Which one is the best Extractor (RegEx Extractor or Form Based Extractor)

Hi,

I have a requirement where i need to scan the 1000 Vendor invoices on daily basis and process the extracted value for further process.

The problem is , currently we have implemented the solution using Regex Extractor, but if there is any new vendor added or template changes then we may need to make or add the new Regex patterns to the newly added vendor . we have approximately 1000 vendors at this moment and chances are adding more vendors in future.
and also we re facing the accuracy level also not good when we are using RegEx , as i can say 50% is the accuracy.

I would like to check can i use Form based extractor instead of Regex ? or which is the good Extractor among this two? i need to give the proposal in my org, if you can help that would be really appreciated .Thanks

1 Like

Hi @Rajesh_Babu1

If there are more than 1000 different Vendor templates you can always go with Document Understanding and AI Center to create the ML model which will give more accuracy in extracting the Data.

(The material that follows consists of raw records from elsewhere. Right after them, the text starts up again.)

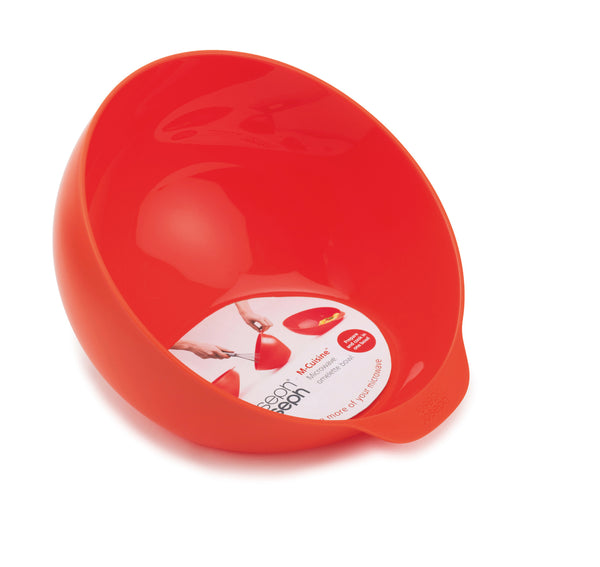 Plat à omelette Cool-Touch M-Cuisine pour micro-ondes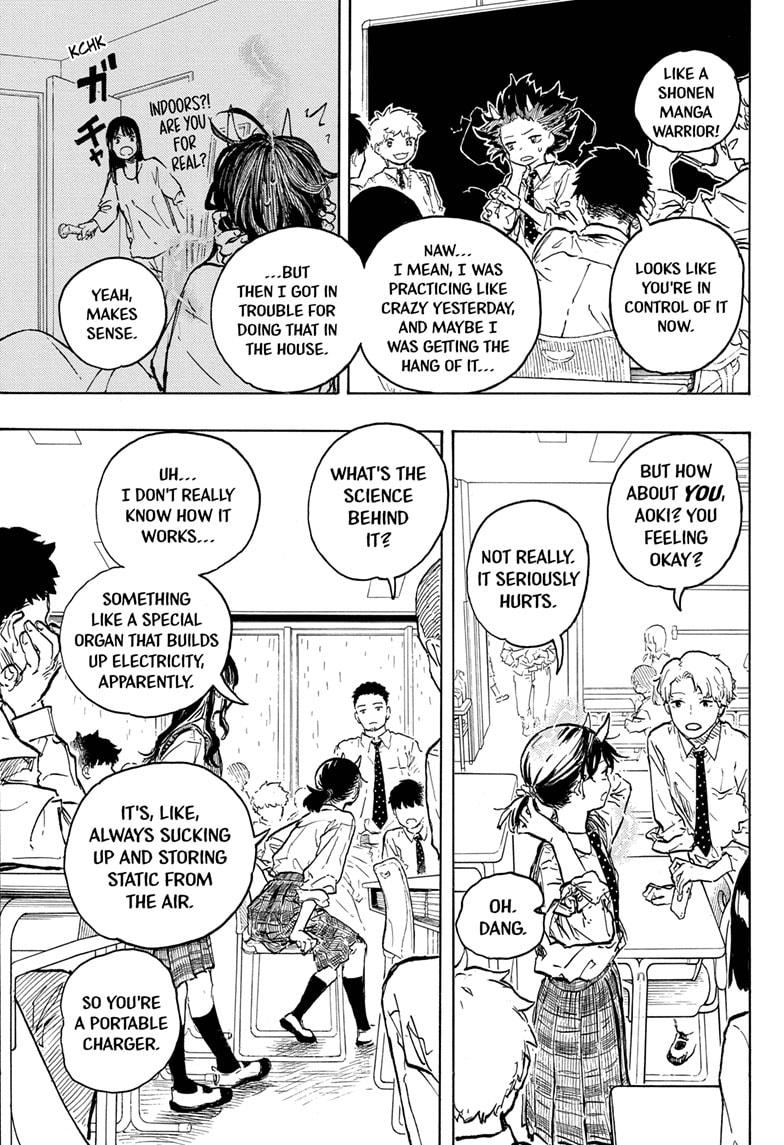 Ruri Dragon Chapter 11 page 13 - Chapter 11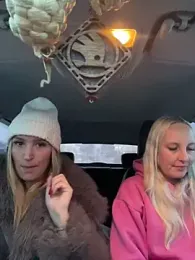 MerlinDave webcam model stream image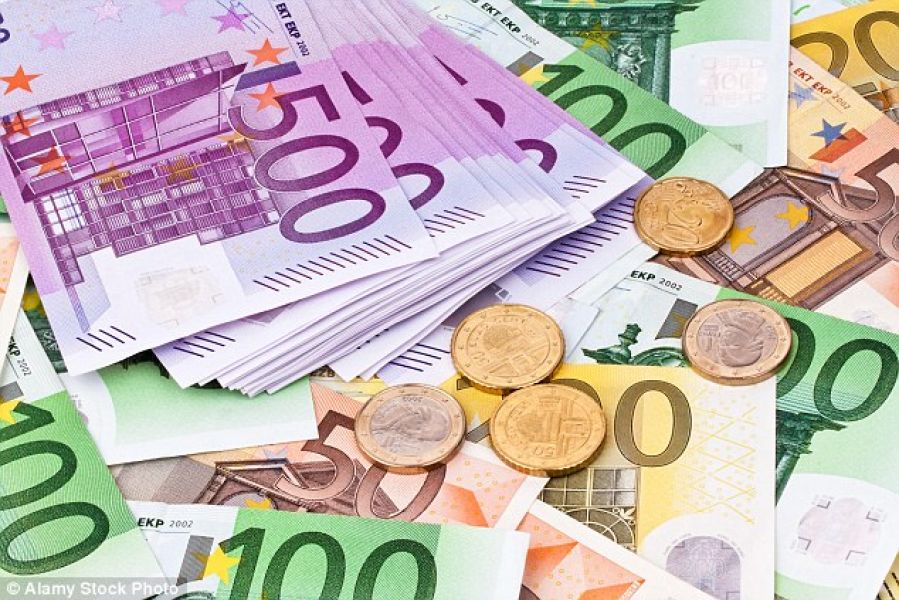 Soluzione ai vostri problemi di prestito di denaro serio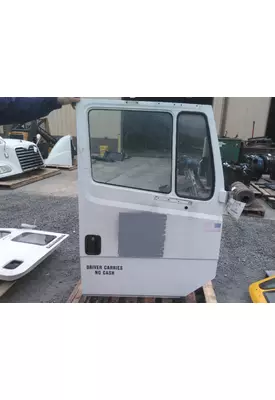 FREIGHTLINER FL80 1991-2005 DOOR ASSEMBLY, FRONT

The other extractor the Regex, Form and Intelligent Form will work but with less accuracy level and the extracted data format may mismatch.

For 1000 + different format you can use AI Center to add documents in future and retrain the model, also after 2-3 trainings the model can be auto retrained.

Thanks

1 Like

Hi @suraj.setty

Thank you for your feedback, instead of ML Extractor can i go with Form Based Extractor as we hve some limitation to use ML Extractor in our organization. and also , in terms of Form Based and Regex which one is the best, most of them is suggesting Regx will give more accuracy but i may need to manage my customer with strong point as we are going to changing the entire design. any suggestions pls.

if you have structured then you can use form extractor but where ever you have unstructured and different type of pdf best way is using regex based extractor

Yes , the Regex is better compared to Form based as the Form Based can be used on Structured Data and constant fields. In Regex you can specify all the fields but when you add new Document to the existing document you have to add new Regex Patterns each time.

If the template for all the vendors are same and the fields are static you can try Form Extractor.

Thanks.

This topic was automatically closed 3 days after the last reply. New replies are no longer allowed.